SJM: As a fitness expert, do you find that people want to be inspired? And if so, how difficult is it to find the right way since each individual is unique in their situation and personality?
JM: I do, but I also realize my job isn’t to inspire them, but rather lead them to inspiration. Their hopes and dreams are their best and most lasting form of inspiration. I simply help them identify and crystallize this.
SJM: You have several charitable passions, can you talk a little bit about why that is so important to you?
JM: I pretty much do anything for kids, animals, women, cancer, veterans—I’ve done everything from a USO tour in the Middle East to visit our troops to protesting the circus for elephant welfare. That said, there is one cause that I personally spearhead that is very important to me. I am currently building a database for Haiti that will register, charge, track and hold accountable nonprofits working in the country.
SJM: Lots of people look up to you, but who was your fitness inspiration?
JM: I never really had a fitness inspiration. I look to motivational people who are successful in their line of work and it motivates me in mine. I admire great humanitarians like Dr. Martin Luther King Jr. and so on.

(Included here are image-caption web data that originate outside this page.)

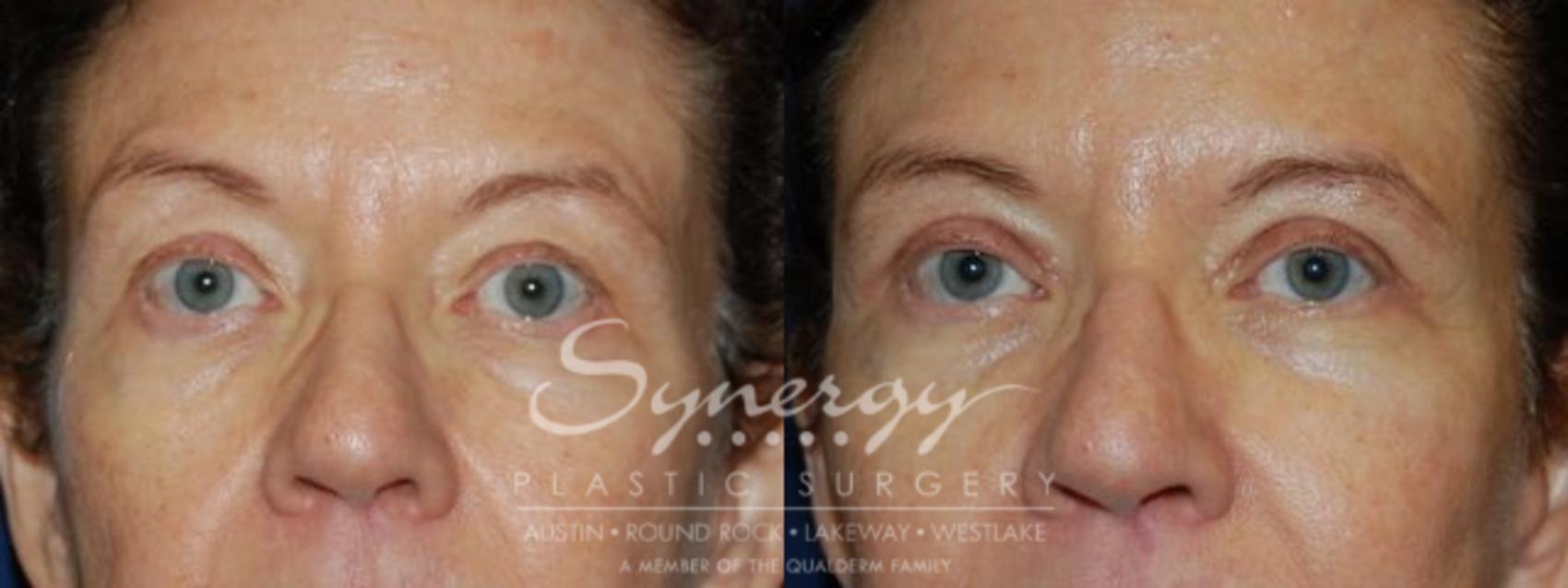 Before & After  Case 75 View #1 View in Austin, TX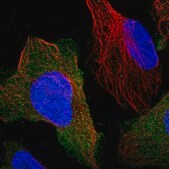 Anti-PPP3R1 antibody produced in rabbit Prestige Antibodies&#174; Powered by Atlas Antibodies, affinity isolated antibody, buffered aqueous glycerol solution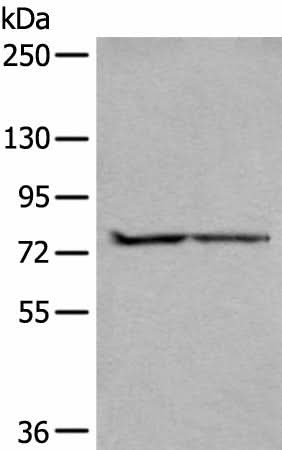 Western blot analysis of A549 and Jurkat cell lysates using ALKBH8 Polyclonal Antibody at dilution of 1:300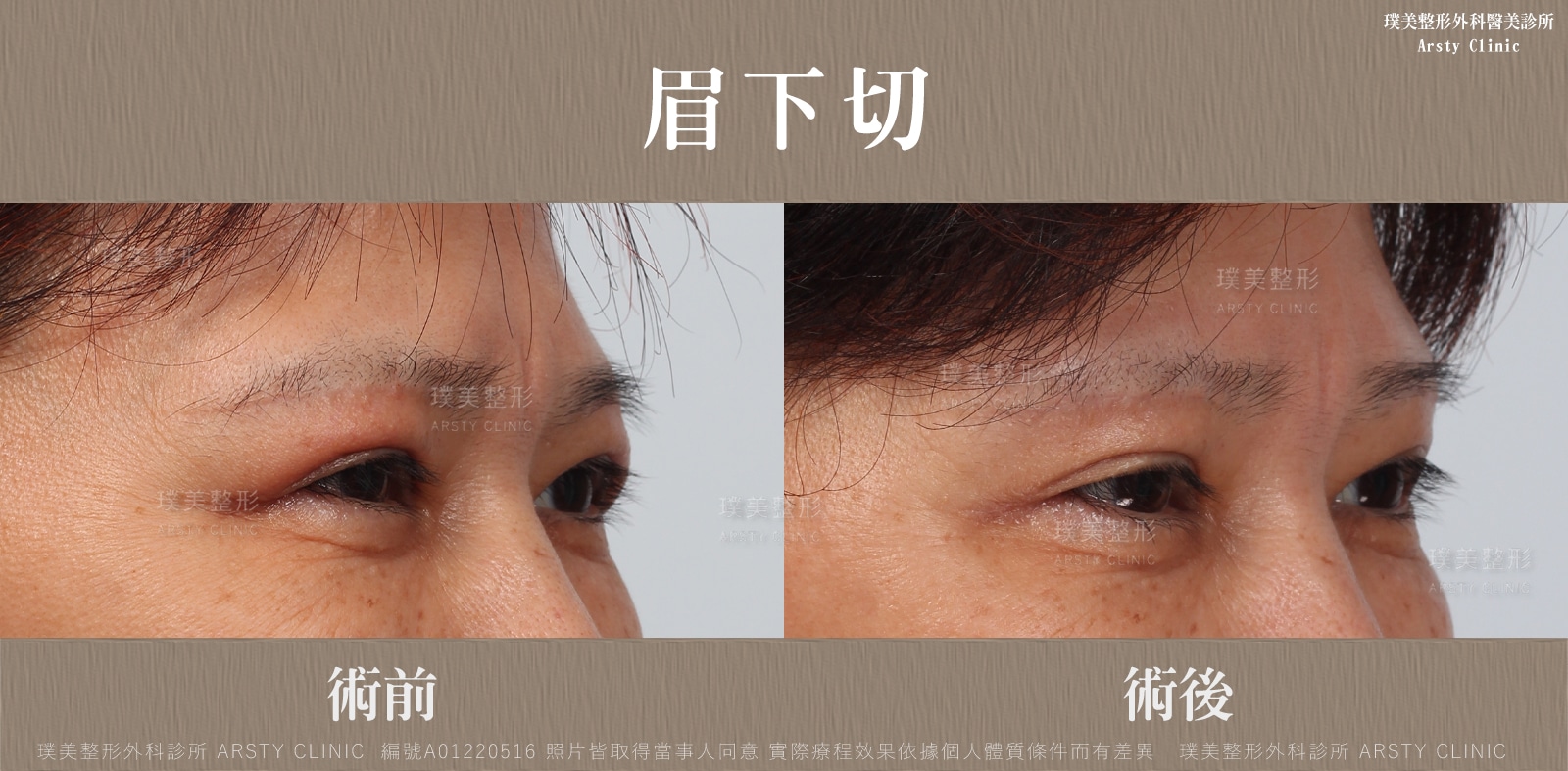 事例共有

SJM: You like to admire people, see how they’ve succeeded and then see what you can learn from them. What do you think people can learn from you?
JM: That anything is possible if you can tolerate failure, learn from your mistakes, and never quit believing in yourself.
Jillian Michaels shares five easy tips to incorporate into your fitness regimen.
1. Find your “why.” If you find your “why,” and focus on it, it will help motivate you through the tougher times. This could be anything—from the desire to fit into a pair of skinny jeans, to walking your daughter down the aisle, to seeing your grandchildren grow up. If you have a “why” to live for, you can tolerate any “how.”
2. Write down your goal and post it anywhere and everywhere. It is key to have the constant, visual reminder.
3. Get a support group—friends, family, co-workers. Having support as you work toward your goals can work wonders.
4. Give yourself rewards for reaching your goals that are not food related.
5. Find images that motivate you and post them where you can see them. Again, it goes back to having those visual reminders. Maybe it’s the dress you can’t wait to wear or the beach you are planning to visit at the end of the year. Whatever it is, find photos that motivate you and put them where you can see them often.
Published (and copyrighted) in South Jersey Magazine, Volume 9, Issue 6 (September, 2012).